# Motor/turbo specs



## 70x7 (Apr 24, 2011)

Few questions on the motor and turbo of this car

Some things I am wondering:
What is the compression ratio of this motor?
Anybody know how strong this motor is?
What psi is the turbo running?
How much can it run before it becomes ineffecient?

Thanks for the info!


----------



## 70AARCUDA (Nov 14, 2010)

...read these older postings:

• http://www.cruzetalk.com/forum/10-c...1423-link-new-gm-powertrain-website-info.html

• http://www.cruzetalk.com/forum/10-c...1430-eco-1-4lt-engine-slightly-different.html

• http://www.cruzetalk.com/forum/10-c...3-2011-ecotec-1-4lt-power-torque-numbers.html


----------



## 70x7 (Apr 24, 2011)

still didnt find the answers there unless I missed them.....


----------



## 70AARCUDA (Nov 14, 2010)

70x7 said:


> Few questions on the motor and turbo of this car
> 
> Some things I am wondering:
> What is the compression ratio of this motor? -- *9.5:1*
> ...


...data is spread across many, many, questions and answers here.


----------



## 70x7 (Apr 24, 2011)

coolness 

so i take it this is a brand new motor/turbo setup for 2011? 
Thought maybe this was passed down from the cobalt or something.
thanks for the info!


----------



## RS LTZ (Jan 5, 2011)

Nope the Cobalt had the 2.0L, 2.2L & 2.4L ECOTEC


----------



## 70AARCUDA (Nov 14, 2010)

...both the 1.4LT and 1.8L engines are from GM-Opel and have been in use over there (europe) for years now.

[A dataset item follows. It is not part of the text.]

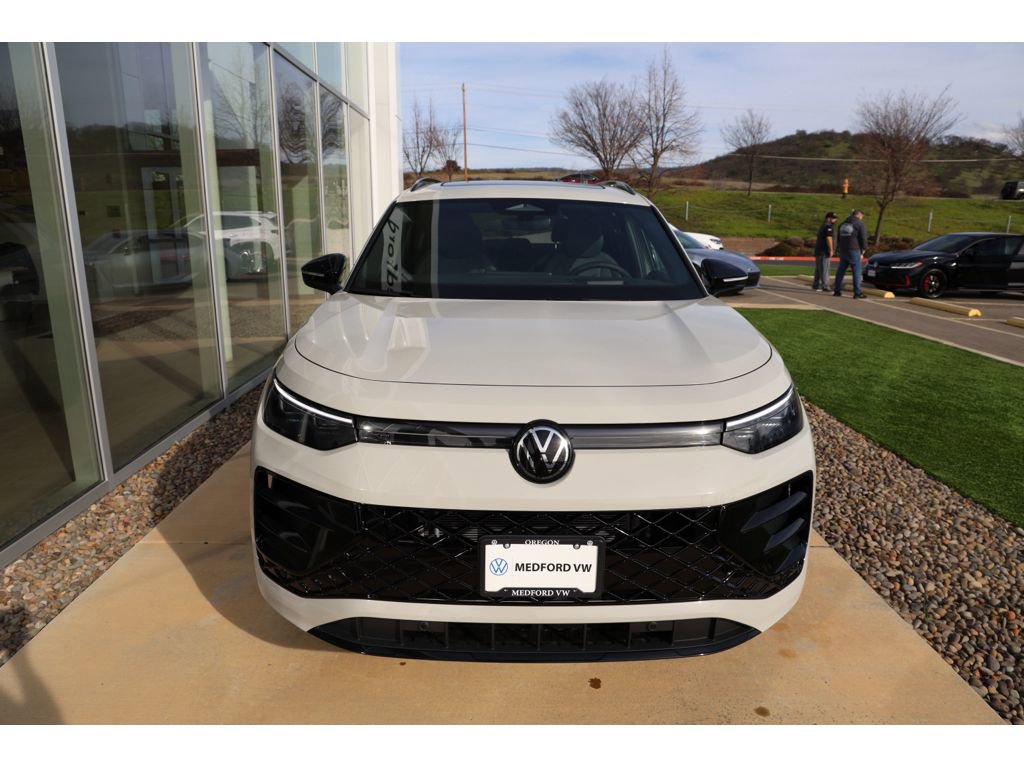 New 2026 Volkswagen Tiguan SE R-Line image 2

...the "small" Garrett turbo is new too:

• GM-OEM-part number: 55565353
• Garrett model number: MGT1446MZGL
• Garrett part number: 781504-5001S


----------



## Skilz10179 (Mar 22, 2011)

Email Garrett and ask them for a compressor map for the turbo, i'd like to see that myself...


----------



## 70AARCUDA (Nov 14, 2010)

...I already tried asking Garrett for info, but their reply was that it's GM-OEM (for the time being) and they can't release anything yet.


----------



## Skilz10179 (Mar 22, 2011)

Try asking Mitsubishi, its probably their design anyway...


----------



## 70AARCUDA (Nov 14, 2010)

...huh? the Honeywell/Garrett part number only shows up on the Honeywell/Switzerland (home office) european website, not any Japanese website.


----------



## Skilz10179 (Mar 22, 2011)

Something about the compressor housing and turbine flange says Mitsubishi to me (no, it doesn't actually say it on the turbo lol)...


----------